Bollywood’s tryst with ‘real cinema’

Sayoni Sinha
24 FPS

When Sabrina Lall came out of the special screening of 'No One Killed Jessica', she was quite relieved. She wasn't concerned about the overdramatisation of the Jesicca Lall murder case nor was she bothered much about the dowdy depiction of her own character by Vidya Balan. All she wanted was that her sister should be shown in true light and Rajkumar Gupta managed to do that. Speaking after a special screening of the film, Sabrina had said, "When we agreed to let them make the film, my family and I had been warned about the Bollywood types but Rajkumar replicated almost every detail."

But 'No One Killed Jessica' cleverly managed put out a disclaimer describing the film as "a hybrid of fact and fiction". The film scored with the audience as it did not delve too much into Jessica Lall's past and stuck only to the investigation and the trial.  If you overlook the over the top characterization of Rani Mukherjee as a high flying scribe, barking orders at the juniors and overturning her boss' orders and other loopholes, this is a good film to watch.

But have our directors completely lost the plot that they have to be heavily 'inspired' by real life incidents? The reason could be that for years, options like cable television and Hollywood have hardened audiences to the old formulas a la Karan Johar films and Bollywood producers and directors are striving to create a new idiom that retains the charm of the genre's classics but should have enough spunk to pack theatres. With a few exceptions, they've failed. So while Apoorva Lakhia's 'Shootout at Lokhandwala' (which is 'very loosely based' on gangster Maya Dolas) sells, RGV's 'Rakta Charitra' (based on the life of Paritala Ravindra a political leader from Andhra Pradesh) failed.

But these are not the only films which have stirred and shaken the genre. Right from Gulzar's 'Aandhi' which was rumoured to be based on the life of Indira Gandhi (and led to the film being banned during Emergency) to 'Alert' based on Nira Radia and 2G scam, sticking to telling just the story has always been a big task.

If you go by the number of 'reality based' films that Bollywood has started churning out, it quickly becomes clear that this is actually where the most experimental film-makers are setting up shop.

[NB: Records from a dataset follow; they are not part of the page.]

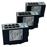 LOT OF 3 Automation Direct Stride SE-SW8U 8-Port Industrial Ethernet Switch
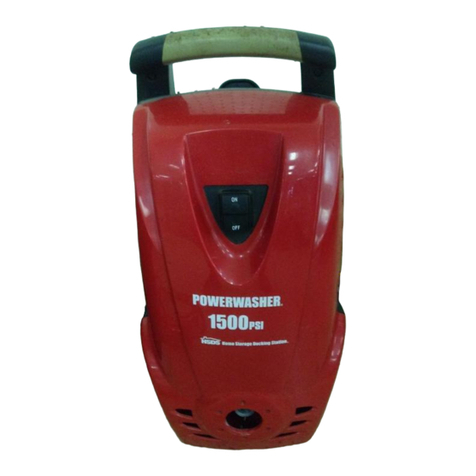 PowerWasher HD1500 Operator's manual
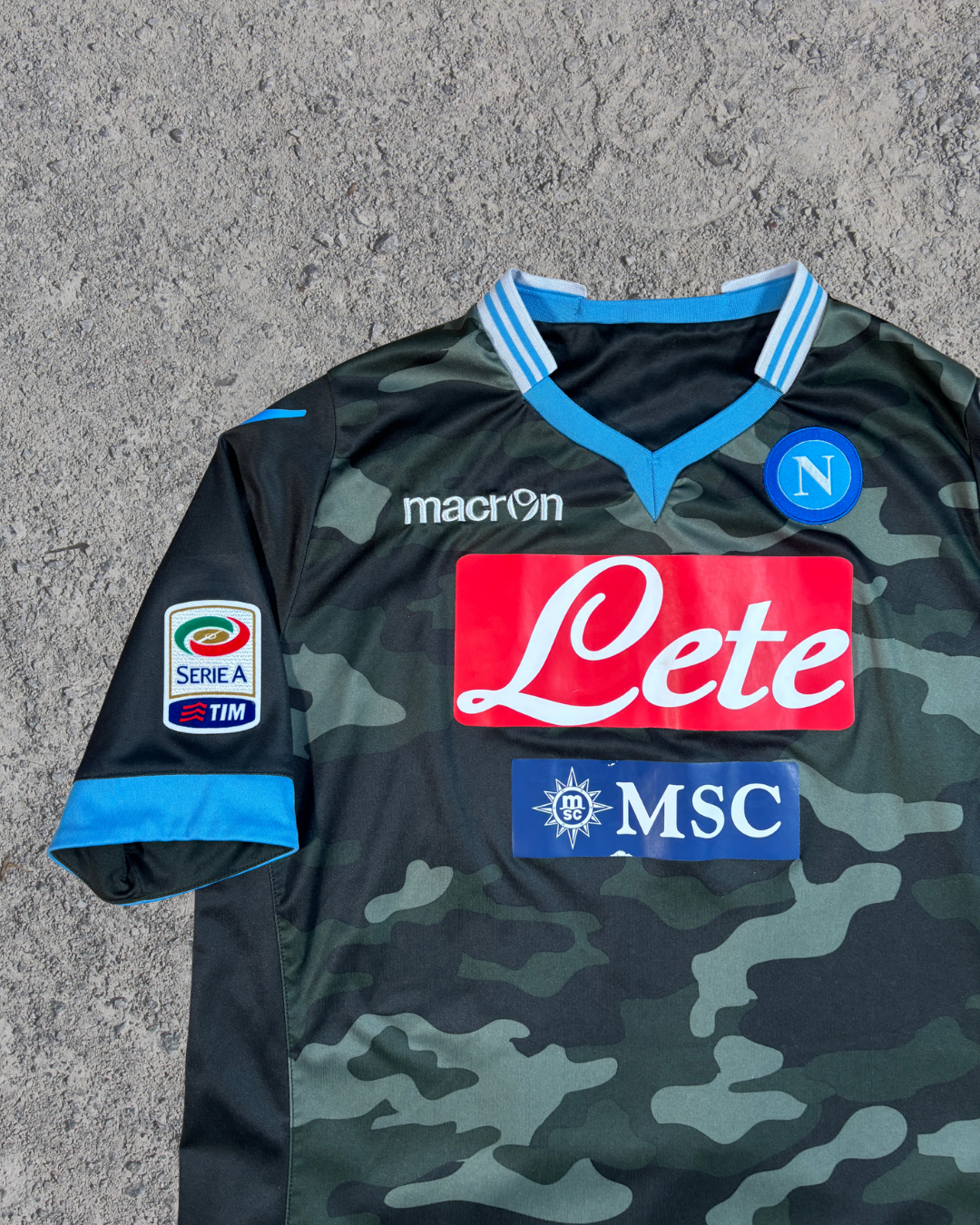 SSC Neapel Trikot Auswärts Hamsik (L) 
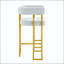 Ensemble de 4 tabourets de bar à hauteur de comptoir Modern-685622086-685622085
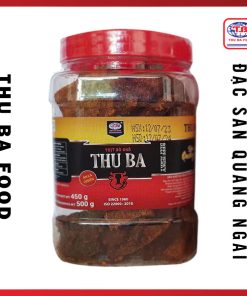 Bò Khô Viên 500g (Hũ nhựa)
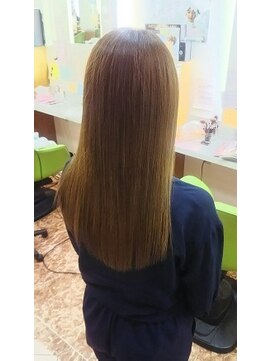 エリアデュクス(AREADEUX) 髪質改善＆矯正＆カラー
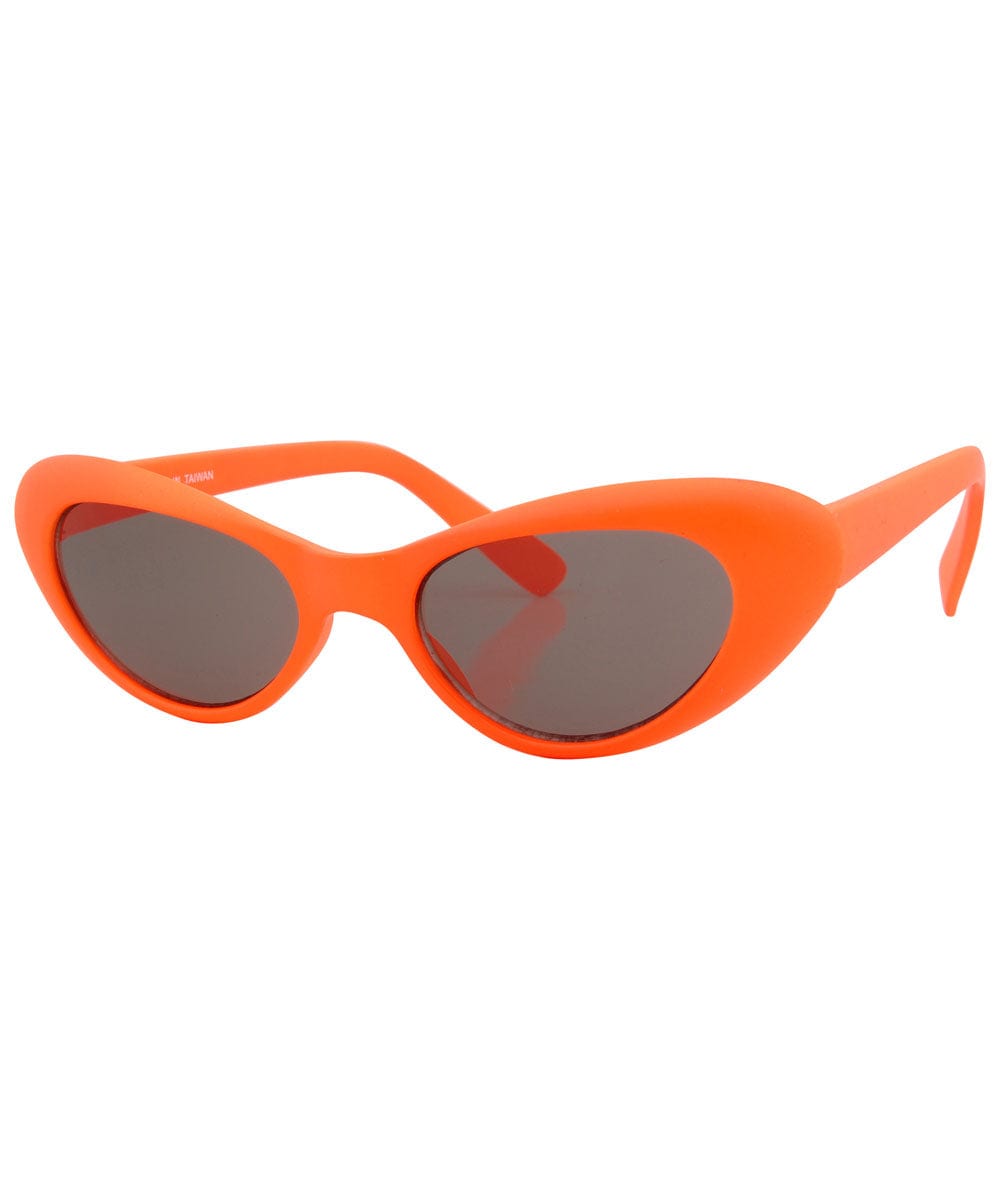 pow orange sunglasses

Some succeed to hard sell it to the audience while others change their wares. Much of Milan Lutharia's chutzpah for 'Once Upon a Time in Mumbai' comes from the source material, in this case, a mishmash of legends and history on the lives of Haji Mastan and Dawood Ibrahim. Haji always chose to wear pure white designer wear and carried a pack of imported cigarettes in hand like Ajay's character in the film.

Perhaps one film which stuck entirely to the facts would be Anurag Kashyap's 'Black Friday'. For those who have read S. Hussain Zaidi's book `Black Friday' (which was based on the 1993 Mumbai blasts), it would be hard to imagine it being translated into a film without compromising on the nature of the narrative. That is, until you see Anurag Kashyap's film where the movie follows the same fractured structure of the book and is even divided into chapters.

Real cinema is a label that still carries a lot of weight. Everyone is trying to lay claim to the new Bollywood, whether through poorly written films like 'Monica' or savvy hits like 'Once Upon…'.  So it is hardly a surprise when Ramgopal Varma decides to the approach the killer dame (quite literally) Maria Susairaj to make her presence felt in 'Not a Love Story', a 'true life account' on how she and her fiancé killed Neeraj Grover and chopped him to pieces. Trust RGV to be always there stroke the voyeurism, be it casting a killer or taking a stroll in the Taj Mahal Hotel (for inspiration, he said) after the gruesome 26/11. But then, as John Lennon had rightly said once that 'reality leaves a lot to the imagination' and films are after all not a history lesson.